When “This Is Fine” was written back in February 2020—long before the current NFT craze began, but right in the middle of the broader momentum with blockchain and cryptocurrency. However, the origin story for the song had nothing to do with Web3. However, during the past year, DeadMau5 and his manager, Dean Wilson, started to dive into a variety of crypto and blockchain projects, and yet wanted to better understand the ecosystem and also the legalities around it.

Working with DeadMau5 and Near on the project is Mintbase, an NFT startup based in Lisbon that began as an NFT ticketing platform on the Ethereum blockchain back in 2018. Nate Geier, CEO and cofounder of Mintbase—which raised $1 million last year led by the Chinese venture capital firm Sino Global—said the fees were “going to murder us” last year, prompting the company to switch over to Near.

Geier first got connected with Deadmau5 after the company did a burning beers NFT at the Berlin Beer Festival, where they used Apple Airdrop to send digital beers to people who could then “burn” their NFTs in exchange for a real-life beer at the festival.

“People like Joel have to be those flag-bearers and sledgehammers. That’s what we’re doing. It’s the first step through the door.”

Dean Wilson, Deadmau5 manager

DeadMau5 also has experimented with other emerging technologies. In 2016, he created an interactive virtual reality game in collaboration with Absolut Labs, an incubator run by the vodka brand, Absolut. Along with releasing his own NFTs, Zimmerman is also collecting them and now has between 20 and 30. However, for the ones he owns, the DJ said he treats them more like art than utility.

“I like the art and a lot of the artists, because as much as everyone loves to put ‘NFT artist’ in their bio now, a lot of them have always been digital media designers,” Zimmerman said. “Like Justin Maller and Steven Baltay and a lot of really talented GGI artists that have just been doing it before the NFT craze, and then when the NFT craze slammed down, it was just all of a sudden everyone’s biography changed. Which is good for awareness and stuff like that, but kind of leaves me a little salty.”

According to Geier, the exciting part of the project is printing NFTs en masse rather than doing a limited collection that sells for a lot. He referenced the now famous NFT by the artist Beeple that Christie’s sold back in March for $69 million, adding that people aren’t getting excited about NFTs because of the money, but because of “what they’re going to do in the future.”

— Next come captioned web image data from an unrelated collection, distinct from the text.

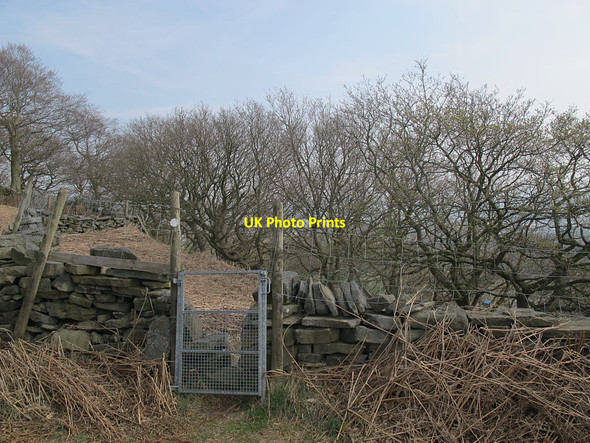 Photo 6"x4" Stile above Crooks Farm Baildon c2017
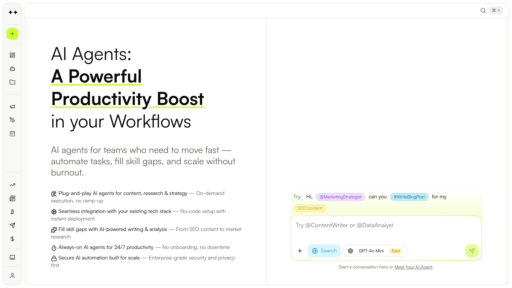 AI Agents - GPT-4 platform automates complex tasks without coding or API setup - Logo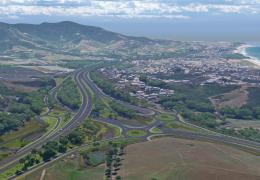 Digital rendering of the Coffs Harbour bypass. Image: Ferrovial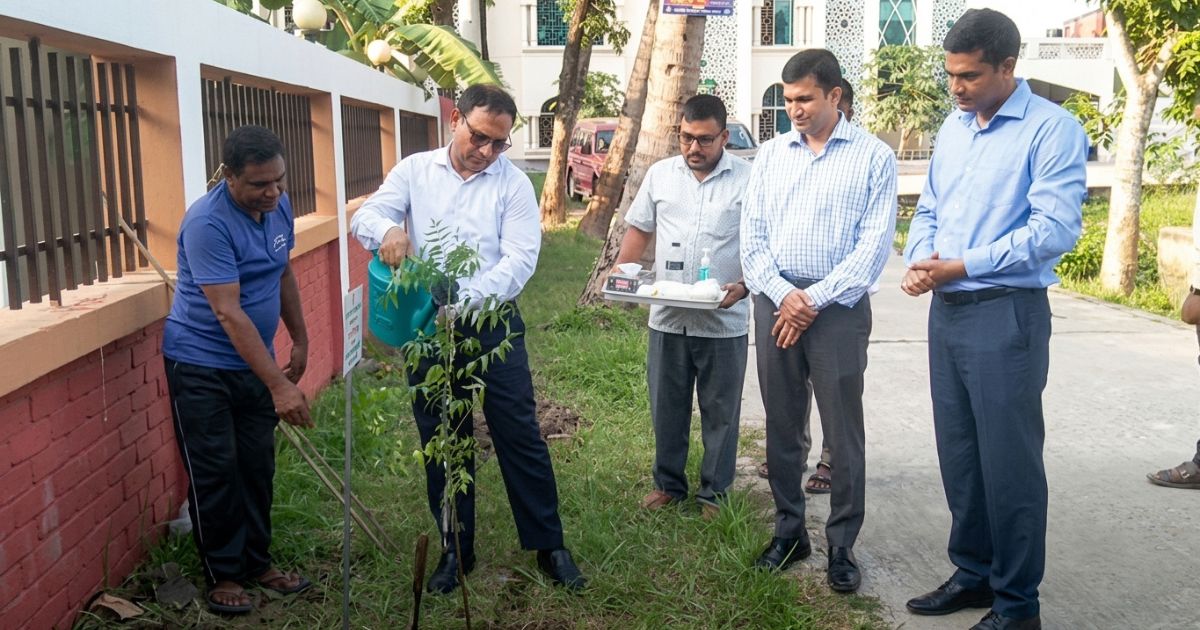 আটঘরিয়ায় রাজশাহী বিভাগীয় কমিশনারের আকস্মিক পরিদর্শন ও বৃক্ষরোপণ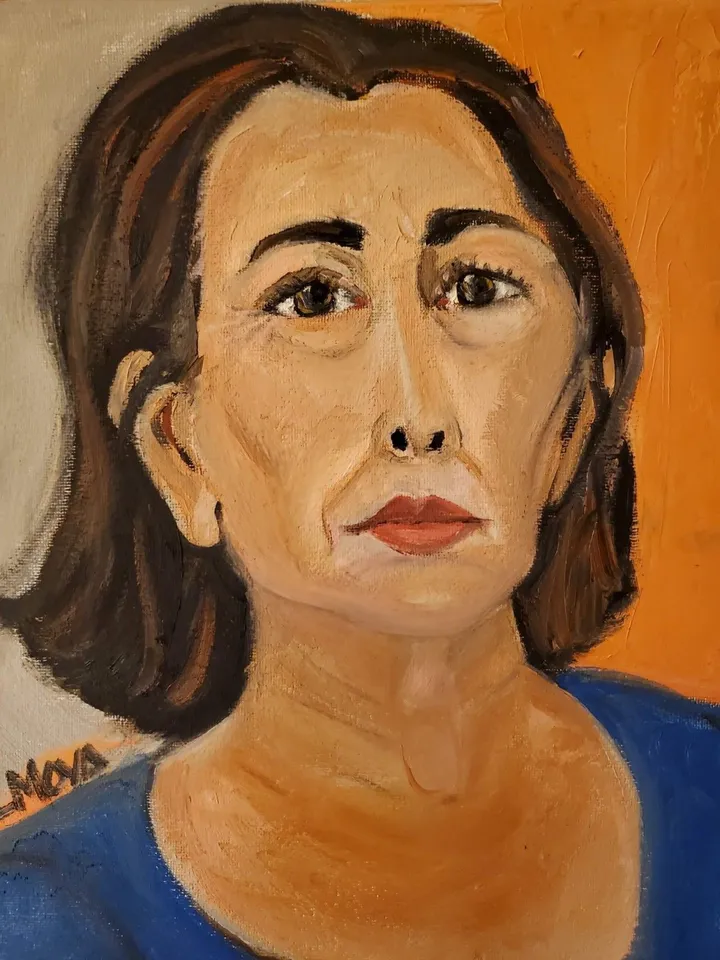 Autoretrato, œuvre de Ligia Moya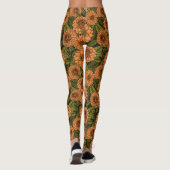 Orange Dahlia Garden Leggings (Rückseite)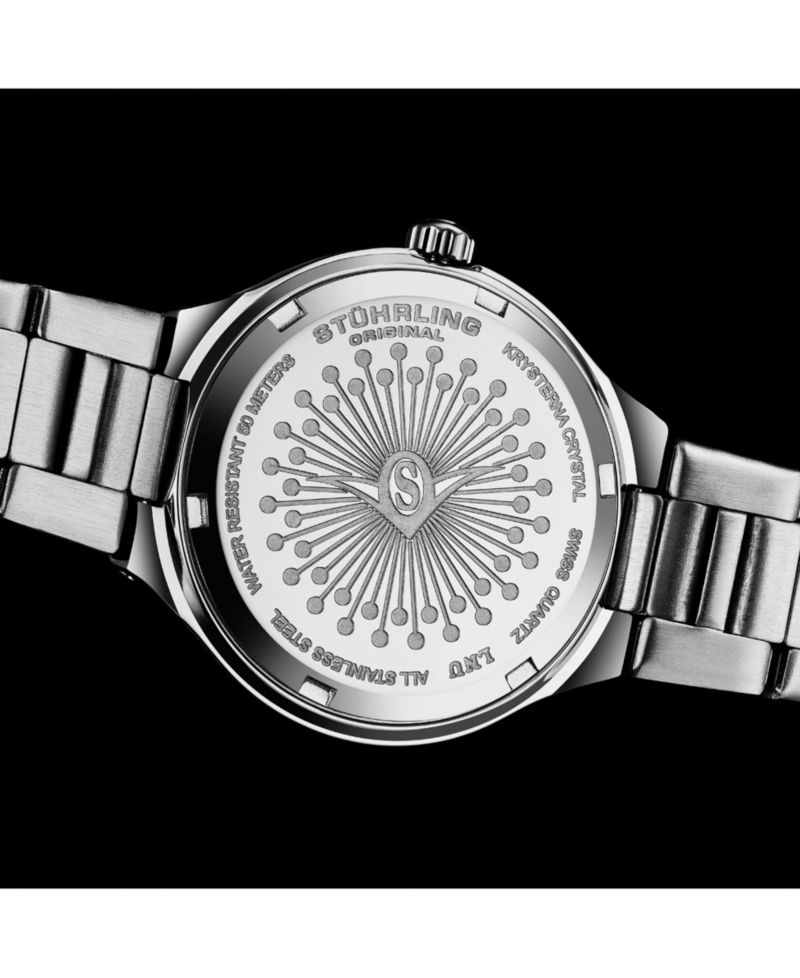 Women s Symphony 683 32mm Quartz Watch, Swarovski Crystal Bezel, Stainless Steel Bracelet, 50M Water Resistant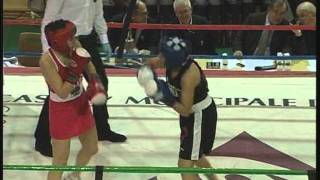 CALZAVARA VALENTINA UBM Vs HIND CHERIFI BOXE COSTANTINO [upl. by Arramas130]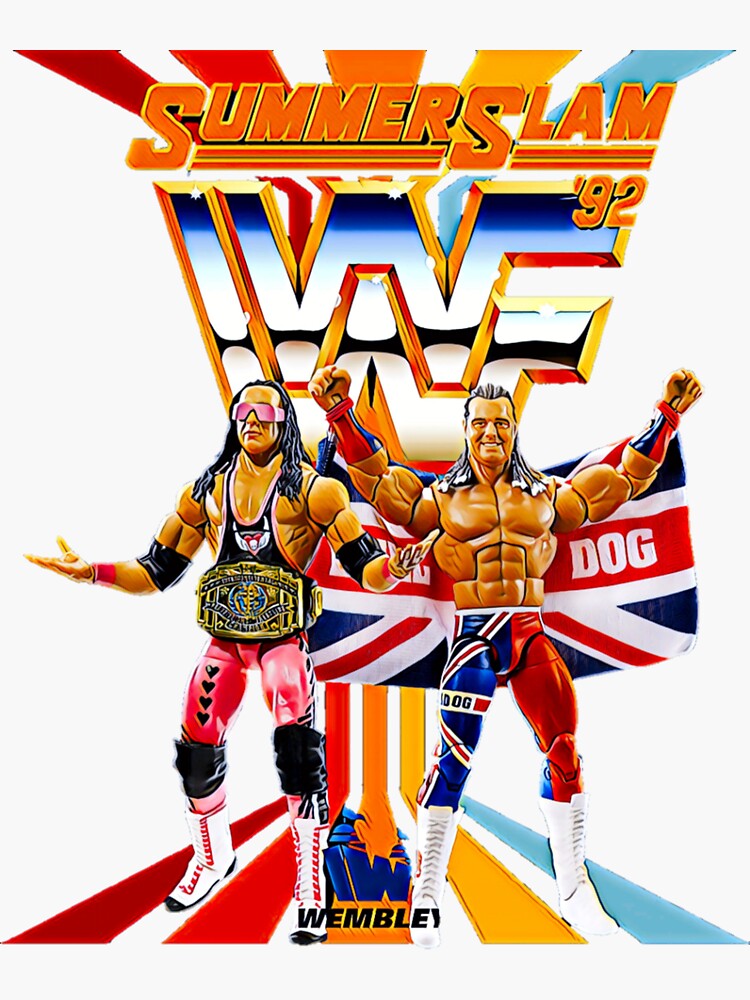 "Greatest Wrestling Match 92" Sticker for Sale by ronsretroprints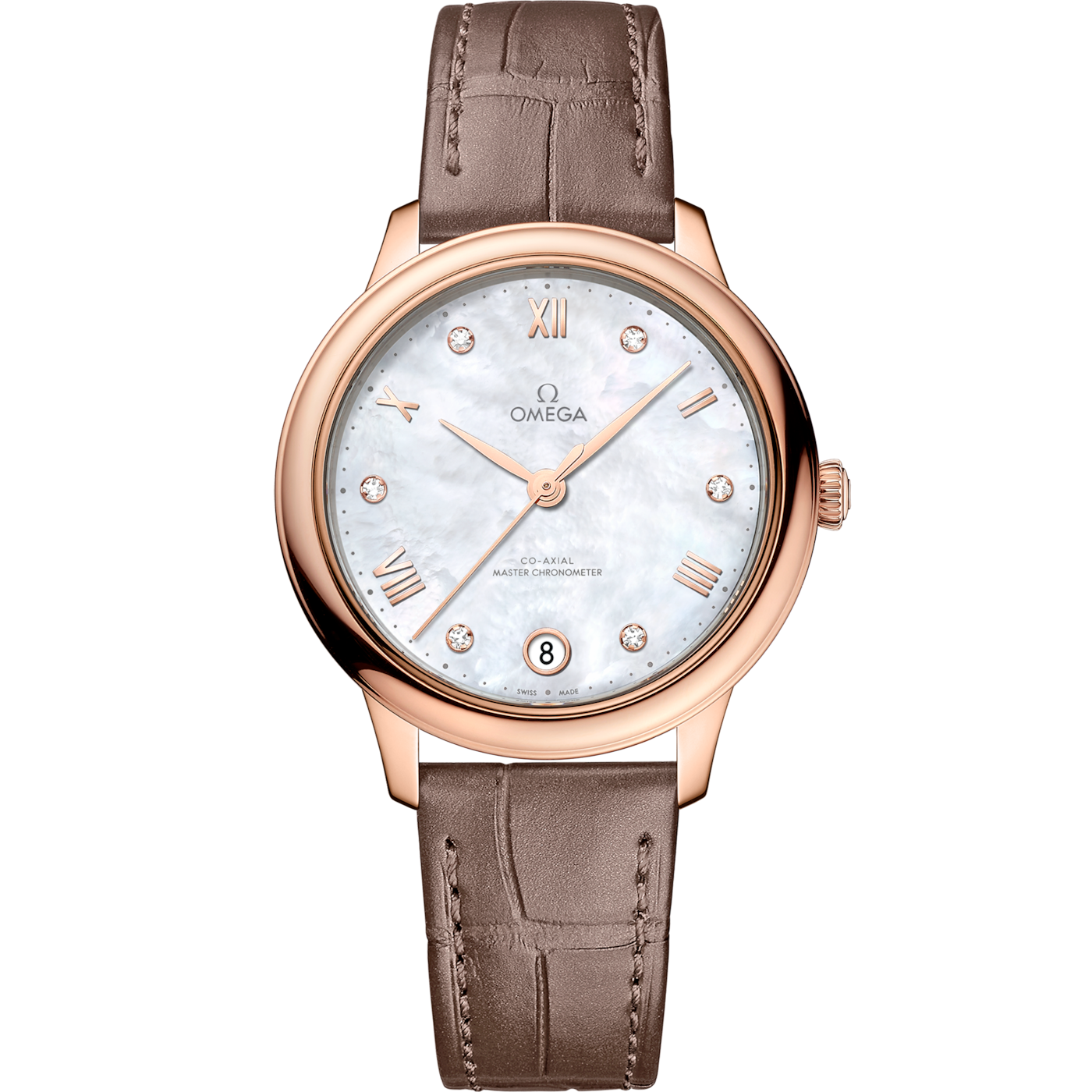 Omega De Ville Master Chronometer 34 Sedna Gold / MOP - Diamond — Ref. 434.53.34.20.55.001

“Selling one NFT for $69 million to me is a yawn,” Greier said. “It’s like who cares…There’s no innovation there. Selling a million NFTs to me is next-level. This is real innovation. This is something for the masses. This is something that I think is just really starting to prove this whole idea of what we’re getting excited about.’’

Near, founded in San Francisco last year, isn’t as popular as other blockchains such as Bitcoin or Ethereum. However, it’s selling point is lower fees compared to some other more popular protocols. Last year, Near raised nearly $22 million in funding from A16Z and now has 1,600 active developers building within the ecosystem.

“In 2017, it was come to crypto, stay for crypto,” said Near CoFounder Illia Polosukhin. “Now it’s come to learn about crypto, but open up this new world of interactions. The future is every single new startup I’m seeing in the consumer space is embedding crypto into their strategy.”